Léa Seydoux plays Sandra, a single mum, apparently widowed for many years, who speaks fluent English and German and works as an interpreter. We see her doing live audio-headphone translation at an international media conference, and also translating a powerful speech from a US army veteran at an Omaha beach reunion. The effect is to show us a clever, self-effacing professional who has been pushed to the margin of things, a little. She wears workaday jeans and sweaters and has a short haircut which looks businesslike rather than chic or gamine.

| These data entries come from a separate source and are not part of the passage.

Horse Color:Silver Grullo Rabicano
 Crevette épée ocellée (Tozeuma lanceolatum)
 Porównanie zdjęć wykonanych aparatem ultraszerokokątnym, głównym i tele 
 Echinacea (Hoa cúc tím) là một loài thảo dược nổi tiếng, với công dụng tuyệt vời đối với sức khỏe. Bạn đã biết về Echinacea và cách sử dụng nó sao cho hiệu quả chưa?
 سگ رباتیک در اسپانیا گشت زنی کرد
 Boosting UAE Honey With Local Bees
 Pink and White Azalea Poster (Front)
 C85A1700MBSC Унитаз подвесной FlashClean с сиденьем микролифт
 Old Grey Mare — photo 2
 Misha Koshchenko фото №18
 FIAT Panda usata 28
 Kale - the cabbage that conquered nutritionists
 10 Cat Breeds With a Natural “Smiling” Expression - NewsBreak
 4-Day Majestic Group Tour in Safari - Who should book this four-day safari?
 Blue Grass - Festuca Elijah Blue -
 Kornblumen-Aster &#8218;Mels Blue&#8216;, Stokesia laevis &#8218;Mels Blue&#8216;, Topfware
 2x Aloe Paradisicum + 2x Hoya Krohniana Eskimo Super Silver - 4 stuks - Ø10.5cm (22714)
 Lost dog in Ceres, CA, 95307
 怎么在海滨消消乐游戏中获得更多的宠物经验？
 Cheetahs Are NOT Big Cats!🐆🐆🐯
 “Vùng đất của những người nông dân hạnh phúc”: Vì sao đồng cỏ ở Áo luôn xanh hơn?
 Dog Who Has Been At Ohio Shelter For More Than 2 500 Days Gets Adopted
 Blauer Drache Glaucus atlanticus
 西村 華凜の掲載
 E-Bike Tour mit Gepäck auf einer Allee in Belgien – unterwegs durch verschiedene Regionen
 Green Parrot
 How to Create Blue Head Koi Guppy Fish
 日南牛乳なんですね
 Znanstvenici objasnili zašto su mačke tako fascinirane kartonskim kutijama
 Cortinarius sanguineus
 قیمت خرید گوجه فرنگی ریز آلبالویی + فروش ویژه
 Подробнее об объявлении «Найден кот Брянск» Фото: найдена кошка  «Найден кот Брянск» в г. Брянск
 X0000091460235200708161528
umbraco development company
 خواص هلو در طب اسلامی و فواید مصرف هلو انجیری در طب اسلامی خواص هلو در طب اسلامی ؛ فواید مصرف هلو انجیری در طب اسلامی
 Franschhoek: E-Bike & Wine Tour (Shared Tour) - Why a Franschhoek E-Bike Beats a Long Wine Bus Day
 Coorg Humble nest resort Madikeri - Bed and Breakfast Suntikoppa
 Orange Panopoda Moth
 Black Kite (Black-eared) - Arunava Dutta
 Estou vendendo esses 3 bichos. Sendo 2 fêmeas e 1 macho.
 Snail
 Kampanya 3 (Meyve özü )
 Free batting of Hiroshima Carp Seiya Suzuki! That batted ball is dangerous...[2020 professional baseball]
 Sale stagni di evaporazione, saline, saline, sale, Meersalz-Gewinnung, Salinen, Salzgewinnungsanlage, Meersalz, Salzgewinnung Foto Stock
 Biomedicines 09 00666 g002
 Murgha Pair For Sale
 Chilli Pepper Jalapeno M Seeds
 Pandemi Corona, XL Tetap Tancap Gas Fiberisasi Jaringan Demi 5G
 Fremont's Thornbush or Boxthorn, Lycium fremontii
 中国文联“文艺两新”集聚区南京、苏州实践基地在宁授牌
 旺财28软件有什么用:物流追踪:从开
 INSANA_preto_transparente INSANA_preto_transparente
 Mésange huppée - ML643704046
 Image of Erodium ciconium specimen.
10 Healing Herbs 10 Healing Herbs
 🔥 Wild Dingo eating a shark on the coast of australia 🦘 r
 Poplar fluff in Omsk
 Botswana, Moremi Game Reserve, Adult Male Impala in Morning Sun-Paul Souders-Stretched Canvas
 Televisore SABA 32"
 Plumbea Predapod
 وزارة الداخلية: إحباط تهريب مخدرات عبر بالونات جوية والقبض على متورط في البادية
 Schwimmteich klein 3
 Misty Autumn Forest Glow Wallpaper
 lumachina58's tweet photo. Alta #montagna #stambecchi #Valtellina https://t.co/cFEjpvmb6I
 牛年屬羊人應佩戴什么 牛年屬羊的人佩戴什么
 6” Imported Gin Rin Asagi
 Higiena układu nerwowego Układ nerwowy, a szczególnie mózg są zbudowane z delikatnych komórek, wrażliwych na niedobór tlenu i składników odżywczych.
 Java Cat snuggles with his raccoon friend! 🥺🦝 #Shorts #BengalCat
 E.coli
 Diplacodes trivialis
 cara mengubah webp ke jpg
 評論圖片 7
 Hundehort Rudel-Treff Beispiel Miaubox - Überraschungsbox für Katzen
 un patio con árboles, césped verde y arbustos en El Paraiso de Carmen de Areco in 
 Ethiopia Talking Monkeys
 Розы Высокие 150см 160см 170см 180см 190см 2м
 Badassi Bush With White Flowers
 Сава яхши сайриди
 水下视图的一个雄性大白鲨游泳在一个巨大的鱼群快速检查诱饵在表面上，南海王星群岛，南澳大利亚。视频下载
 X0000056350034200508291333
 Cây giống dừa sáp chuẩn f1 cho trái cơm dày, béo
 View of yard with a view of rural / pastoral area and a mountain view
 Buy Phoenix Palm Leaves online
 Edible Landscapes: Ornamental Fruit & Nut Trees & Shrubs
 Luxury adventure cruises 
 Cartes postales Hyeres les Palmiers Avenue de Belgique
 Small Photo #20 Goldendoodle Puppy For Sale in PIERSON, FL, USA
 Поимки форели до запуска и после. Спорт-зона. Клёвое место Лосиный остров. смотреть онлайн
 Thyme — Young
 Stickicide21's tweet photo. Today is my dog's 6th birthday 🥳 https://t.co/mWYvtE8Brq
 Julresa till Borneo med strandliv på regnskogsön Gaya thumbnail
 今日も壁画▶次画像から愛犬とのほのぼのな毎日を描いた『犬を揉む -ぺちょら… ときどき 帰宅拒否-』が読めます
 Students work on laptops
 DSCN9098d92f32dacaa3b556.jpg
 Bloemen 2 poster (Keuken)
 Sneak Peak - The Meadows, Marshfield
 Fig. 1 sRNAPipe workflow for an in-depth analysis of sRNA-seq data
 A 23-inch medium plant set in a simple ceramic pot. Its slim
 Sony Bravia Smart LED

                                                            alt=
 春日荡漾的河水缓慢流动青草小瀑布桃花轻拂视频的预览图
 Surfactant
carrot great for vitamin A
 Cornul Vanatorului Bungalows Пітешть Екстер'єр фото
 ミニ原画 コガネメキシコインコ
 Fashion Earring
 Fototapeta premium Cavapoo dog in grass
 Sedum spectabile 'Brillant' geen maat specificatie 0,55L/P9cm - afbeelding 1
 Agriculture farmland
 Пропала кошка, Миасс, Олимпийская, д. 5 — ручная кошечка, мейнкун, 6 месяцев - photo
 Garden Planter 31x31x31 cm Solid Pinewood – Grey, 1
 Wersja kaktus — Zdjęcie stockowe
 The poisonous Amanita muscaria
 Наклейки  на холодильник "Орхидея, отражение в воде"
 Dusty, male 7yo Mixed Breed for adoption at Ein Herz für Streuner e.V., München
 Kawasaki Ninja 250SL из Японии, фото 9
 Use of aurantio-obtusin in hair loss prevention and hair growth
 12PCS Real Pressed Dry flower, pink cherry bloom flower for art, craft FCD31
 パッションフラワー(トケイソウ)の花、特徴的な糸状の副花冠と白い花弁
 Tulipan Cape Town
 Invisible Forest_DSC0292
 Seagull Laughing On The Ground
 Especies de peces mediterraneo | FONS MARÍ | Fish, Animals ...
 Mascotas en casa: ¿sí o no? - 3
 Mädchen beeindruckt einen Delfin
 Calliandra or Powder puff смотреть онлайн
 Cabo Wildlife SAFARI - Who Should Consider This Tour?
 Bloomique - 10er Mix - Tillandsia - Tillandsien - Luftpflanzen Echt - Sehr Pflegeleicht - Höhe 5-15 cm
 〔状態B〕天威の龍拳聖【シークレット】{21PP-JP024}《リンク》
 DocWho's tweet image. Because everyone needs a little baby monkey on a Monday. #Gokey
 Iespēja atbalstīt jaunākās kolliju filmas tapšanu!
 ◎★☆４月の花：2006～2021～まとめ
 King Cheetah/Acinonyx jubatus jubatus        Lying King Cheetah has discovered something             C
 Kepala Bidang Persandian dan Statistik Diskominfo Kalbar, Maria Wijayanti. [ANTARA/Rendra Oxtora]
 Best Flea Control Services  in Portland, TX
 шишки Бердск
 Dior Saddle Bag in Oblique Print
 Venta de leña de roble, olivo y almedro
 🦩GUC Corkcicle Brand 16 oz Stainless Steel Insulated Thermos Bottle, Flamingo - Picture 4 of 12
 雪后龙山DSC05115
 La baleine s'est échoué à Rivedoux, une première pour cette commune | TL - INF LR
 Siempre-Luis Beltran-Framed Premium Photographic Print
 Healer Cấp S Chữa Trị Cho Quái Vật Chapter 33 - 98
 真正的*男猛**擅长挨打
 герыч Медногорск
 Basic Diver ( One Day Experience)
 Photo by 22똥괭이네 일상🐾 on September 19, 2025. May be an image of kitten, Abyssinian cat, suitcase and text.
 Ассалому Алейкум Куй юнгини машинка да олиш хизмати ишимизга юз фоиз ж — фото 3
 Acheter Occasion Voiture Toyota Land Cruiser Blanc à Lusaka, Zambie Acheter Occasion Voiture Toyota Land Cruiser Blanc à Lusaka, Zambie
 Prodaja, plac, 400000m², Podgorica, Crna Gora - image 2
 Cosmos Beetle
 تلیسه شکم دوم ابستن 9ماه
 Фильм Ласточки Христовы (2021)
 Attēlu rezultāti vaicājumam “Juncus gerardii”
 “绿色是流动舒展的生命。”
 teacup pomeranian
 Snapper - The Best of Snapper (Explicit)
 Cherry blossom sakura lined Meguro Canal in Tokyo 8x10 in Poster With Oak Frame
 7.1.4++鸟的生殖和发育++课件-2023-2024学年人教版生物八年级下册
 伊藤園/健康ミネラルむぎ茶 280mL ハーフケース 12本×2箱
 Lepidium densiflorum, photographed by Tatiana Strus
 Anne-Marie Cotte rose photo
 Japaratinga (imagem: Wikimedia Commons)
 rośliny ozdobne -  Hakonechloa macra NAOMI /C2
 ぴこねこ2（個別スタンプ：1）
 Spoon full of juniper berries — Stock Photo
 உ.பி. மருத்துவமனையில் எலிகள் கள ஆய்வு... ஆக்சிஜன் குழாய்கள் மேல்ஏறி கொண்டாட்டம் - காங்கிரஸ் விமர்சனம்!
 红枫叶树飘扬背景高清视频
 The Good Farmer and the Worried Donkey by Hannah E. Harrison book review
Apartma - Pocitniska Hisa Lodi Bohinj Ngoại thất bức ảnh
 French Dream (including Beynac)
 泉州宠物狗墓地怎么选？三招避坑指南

Sandra has shut down emotionally because of her loss and devotion to her ailing elderly father, a former philosophy professor called Georg, beautifully played by character-acting veteran Pascal Greggory, who has the cruel neurodegenerative disorder Benson’s syndrome which causes a loss of vision and mental faculties in ways which resemble dementia. Now Sandra and her mother – that is, her dad’s ex-wife (Nicole Garcia) – have to get the poor, heartbreakingly sweet-natured and confused old guy into a care home.
A tour of these institutions is embarked on and Seydoux shows us the classic, stunned response on seeing a place like this. Is it horrible? Should she try for somewhere better? Or is she simply not understanding that there may be nowhere better, nowhere that approximates his life before he needed a care home, and that these feelings she is having are just dismay and grief at what is happening. In parallel with all this, she experiences a kind of miracle, albeit of a fraught and complicated sort. Sandra runs into an old friend walking with his young son in the park; he is played by Melvil Poupaud and there is an instant spark. Soon they are having an adulterous affair made sexier by the gloomy sense that it is wrong and can’t last.
Sandra is thus torn between two emotionally unavailable men: her beloved father and this new surreptitious boyfriend, to whom Hansen-Løve has given the rather too-good-to-be-true interesting job of cosmochemist, studying meteorites and the like. Her father hurts her feelings (inevitably) by appearing to forget who she is and where they are when she comes to see him, and seems more pleased to see his partner – the woman he took up with after Sandra’s mother but who has not done much to help in this current situation. Sandra confesses that she feels closer to her dad through his books than the man himself. But just as her father is out of reach, so is her new lover, who still has a connection to his wife, the mother of his son.
It is a supremely difficult and painful situation and for all that Seydoux projects a cool and self-contained personality, her character is often very passive. She simply has to make the best of the situation with her dad and also accept it when her lover returns to his wife – waiting for his besotted texts, like a teenager. Perhaps Hansen-Løve could have given us a heroine with more agency, and she relies a little too much on Seydoux’s natural sardonic hauteur to protect her character from soppiness. But there is such a lovely chemistry between Seydoux and Greggory, and between her and Poupaud there is real erotic languor and romance.
• One Fine Morning screens at the Cannes film festival.